As we have seen, the Constitution only gives the president a one-off authority to grant executive orders, and never actually mentions executive orders nor does it discuss the possible overlap with the legislative branch of the government. So from this gap in specificity in the Constitution, thousands of Executive Orders have been issued. Some of them were of little consequence, others might be considered frivolous, while a select few were of great and far-ranging importance. Of these, some Orders have been viewed historically as bad and of straining the Constitution, while some other orders have been viewed by history as being quite good. This page will take a look at this range.
Emancipation Proclamation
The first Executive Order that had wide-spread and long-range importance, was the Emancipation Proclamation, that took effect on January 1, 1863. The Proclamation declared all slaves who were held in rebel states were free. It did not effect slave-holding union states, nor did it apply to parts of states that were already under the control of the Union. The Proclamation drastically changed the goals of the war because the war was no longer just about States’ rights.

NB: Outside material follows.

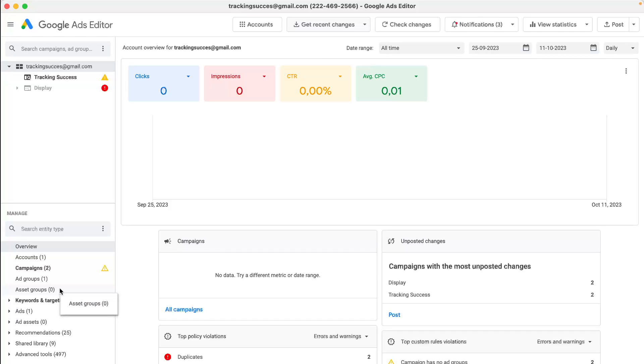Because sometimes you have a big Google Ads account you don't oversee anymore. With this quick tool, you can find if you have duplicate keywords in your campaigns.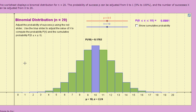Hi. In this video, there are two things I'd like to demonstrate: first, to give you a graphical demonstration of how binomial probability distributions work using a histogram of a distribution, and then to show you how this relates to how your calculator works when using the function binomialcdf.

The Proclamation also expressly ordered that freed slaves who were fit and able were to be received into all branches of the armed forces.
Note that Lincoln expressly stated the Constitutional authority he was basing his decision to issue this order on:
Now, therefore I, Abraham Lincoln, President of the United States, by virtue of the power in me vested as Commander-in-Chief, of the Army and Navy of the United States in time of actual armed rebellion against the authority and government of the United States, and as a fit and necessary war measure for suppressing said rebellion…

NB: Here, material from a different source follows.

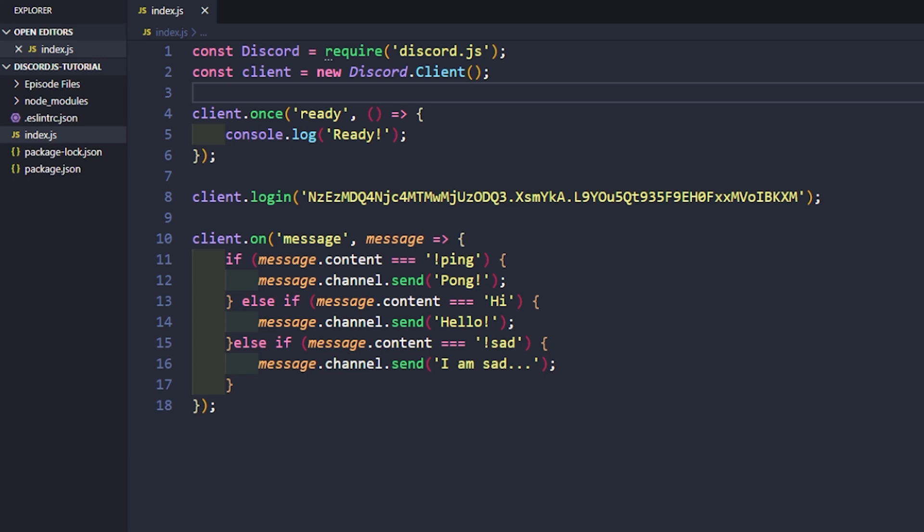How's it going, everyone? Welcome back to the source code. My name is Deshaun, and in this video we are going to be getting started on configuration files.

Could this proclamation have been adopted by a congressional law? Probably. The rebel states were not in the Union at that time, so the remaining northern states would have had the necessary votes. However, it would not have been as expedient and dramatic. Could a future president have repealed the Proclamation. Yes, but the 13th amendment enshrined freedom for all slaves, and the 14th amendment granted citizenship to all people born in the United States–this one is worth mentioning here, because that concept will soon be subject to a fair amount of discussion.

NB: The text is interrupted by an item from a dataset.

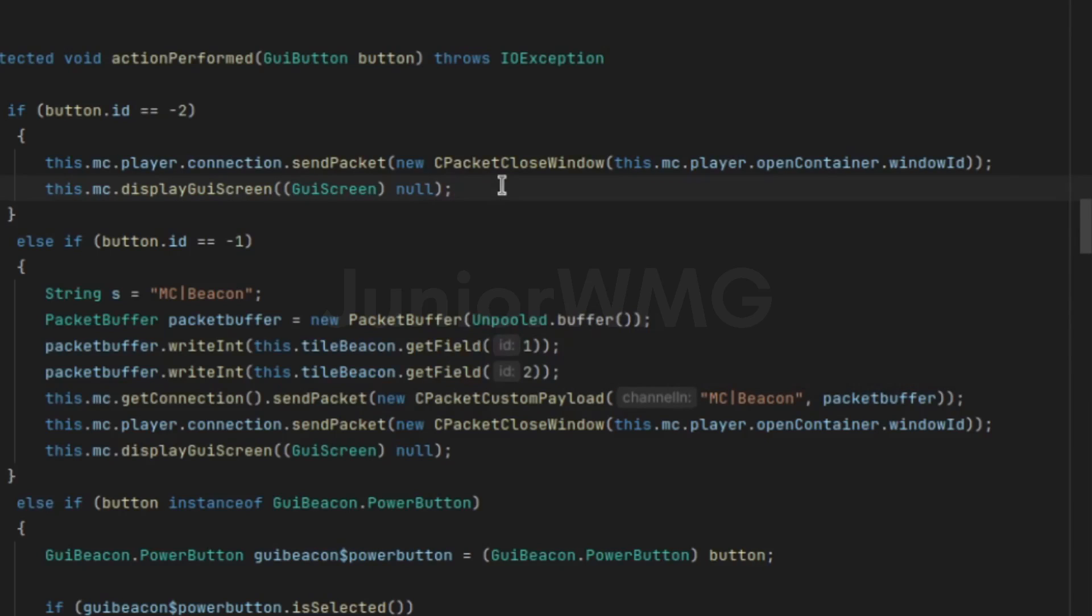So it's just like we expected. It just closes the window. Why does this even exist? It's just like, what?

So we have outlined the purpose and execution of the Proclamation above. There is one more thing worth noting before moving on. Historians now believe that Lincoln was well aware that this Proclamation, at this time, would give hope to all enslaved people. So in this case, we can see legislative feasibility and necessity fused with moral righteousness all in one document. As far as Executive Orders go, this might be the shining star.
One final historical note. The reader might note that Juneteenth–now a federal holiday–sometimes called Emancipation Day is on June 19th, but the Emancipation Proclamation went into effect on January 1st. The discrepancy is that Juneteenth originated in Texas, commemorating when the slaves were freed there, on June 19th, 1865. This was almost two months after the end of the Civil War. Although technically the slaves were freed by the Proclamation, it could not be enforced, in Texas, until the Union troops arrived.
Incarceration of Japanese Americans 
Let’s go to the other end of the spectrum.
In a nation gripped by fear and outrage, President Franklin Delano Roosevelt signed Executive Order 9066 – yes, as of the 1930’s Executive Orders were numbered and catalogued–which authorized the government to round-up 120,000 Japanese Americans and put them in internment camps. Two-thirds of these people were full US citizens with most of them having been born and raised in America.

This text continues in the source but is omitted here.